▶ _PROVIDED RECORDS_:
______
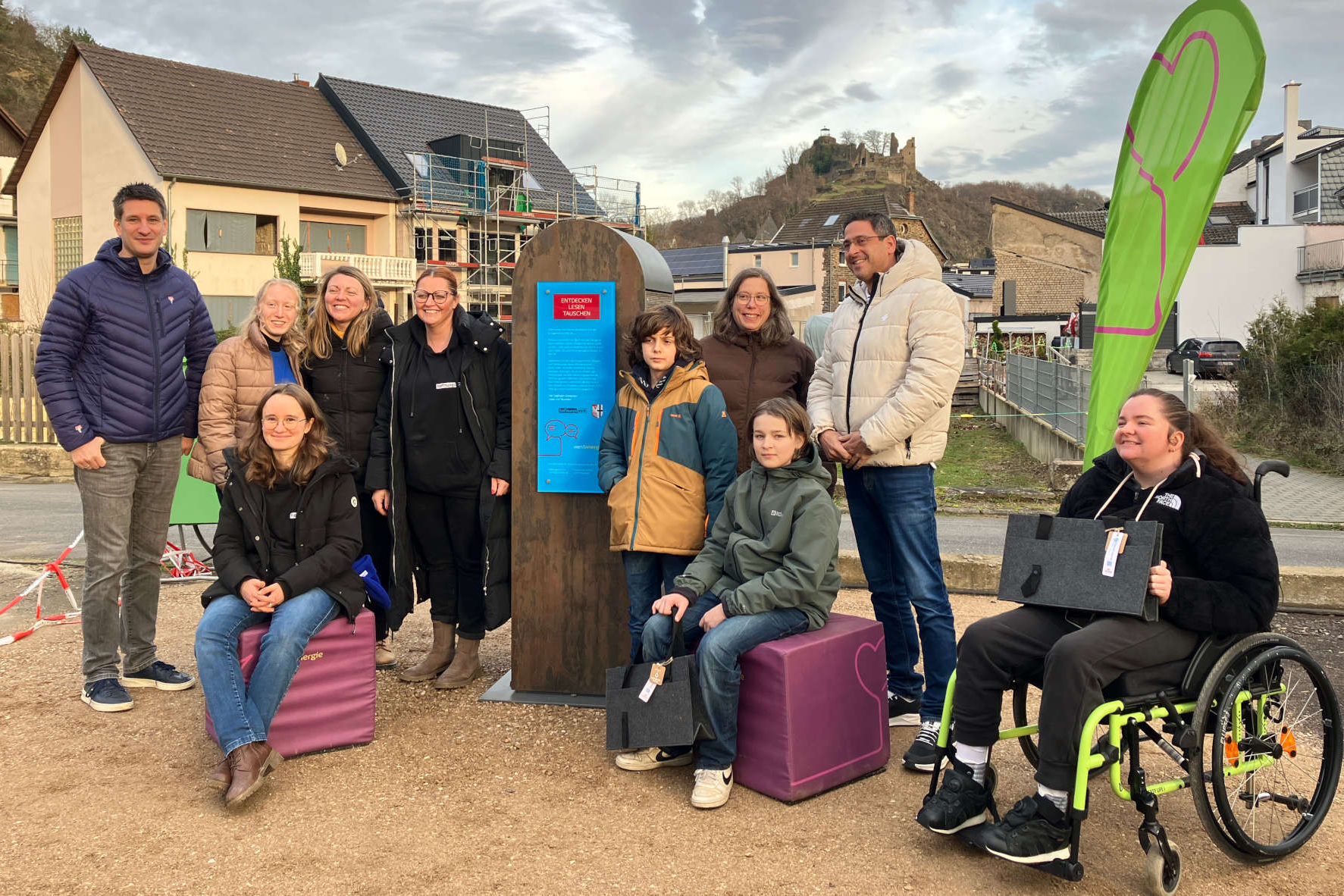 Bücherschrank Altenahr 2.jpg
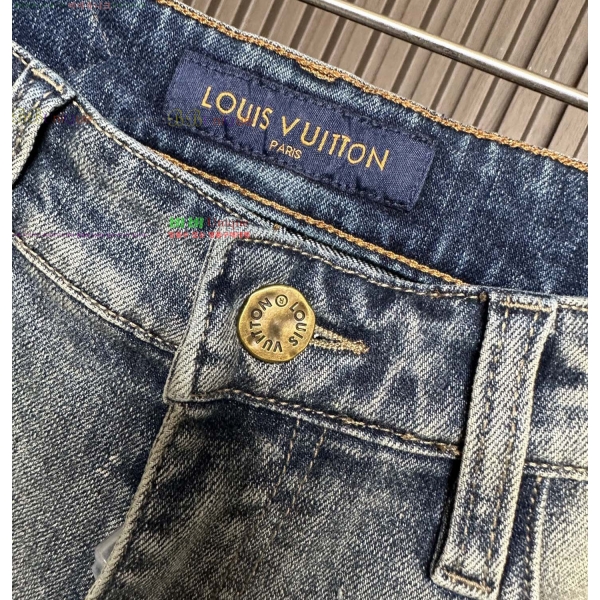 ���� ���̺��� û���� LV241790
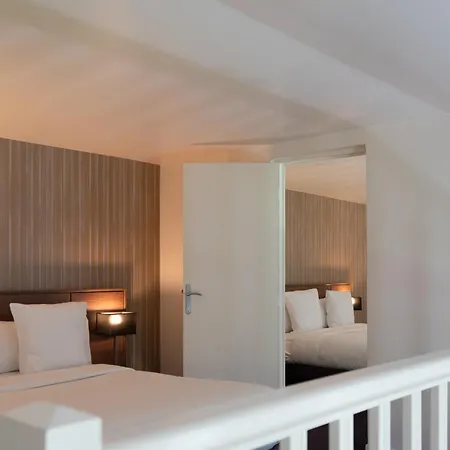 Paxton Paris Mlv מלון 4*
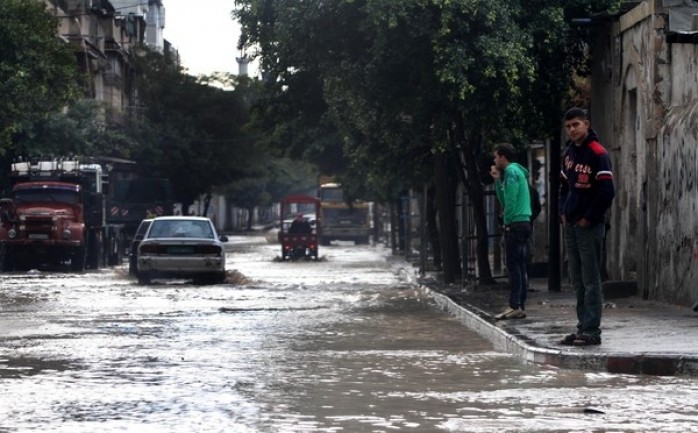 قال مدير عام التربة والري في وزارة الزراعة شفيق العراوي إن نسبة هطول الأمطار على قطاع غزة بلغت ما يزيد عن 26% من المعدل العام لكافة المحافظات.

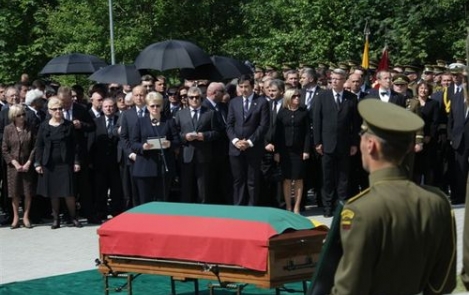 Leedu endise presidendi Algirdas Brazauskase ärasaatmine.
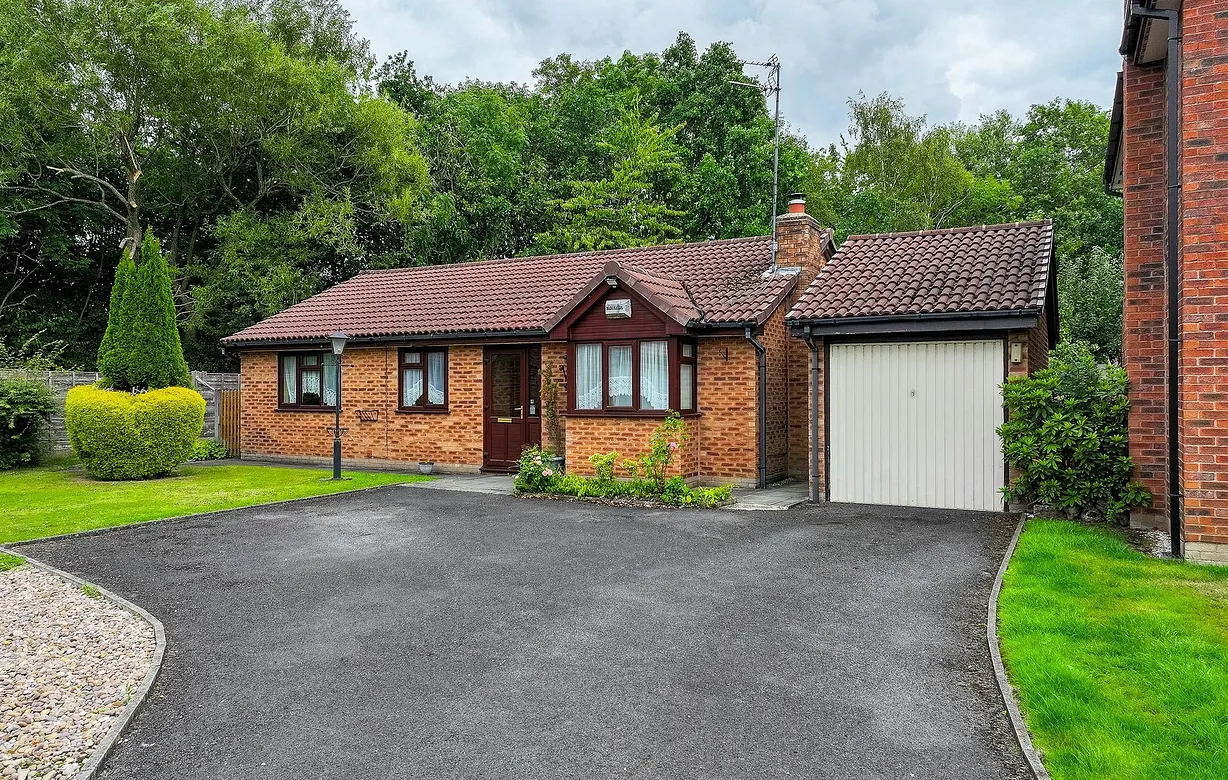 3 bedroom bungalow for sale - Bentley Hurst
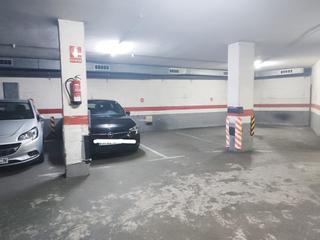Aparcament cotxe a Avinguda bufalà 33. Plaza de parking en av. bufalá . coche mediano. con posibilidad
______
▶ _WHAT IS REQUIRED_: What should be set down is every line from the opening of the records through the line that contains "Leedu endise presidendi", exactly, with pictures left out.

▶ _ANSWER TO THIS EXERCISE_:
 Bücherschrank Altenahr 2.jpg
 ���� ���̺��� û���� LV241790
 Paxton Paris Mlv מלון 4*
 قال مدير عام التربة والري في وزارة الزراعة شفيق العراوي إن نسبة هطول الأمطار على قطاع غزة بلغت ما يزيد عن 26% من المعدل العام لكافة المحافظات.

 Leedu endise presidendi Algirdas Brazauskase ärasaatmine.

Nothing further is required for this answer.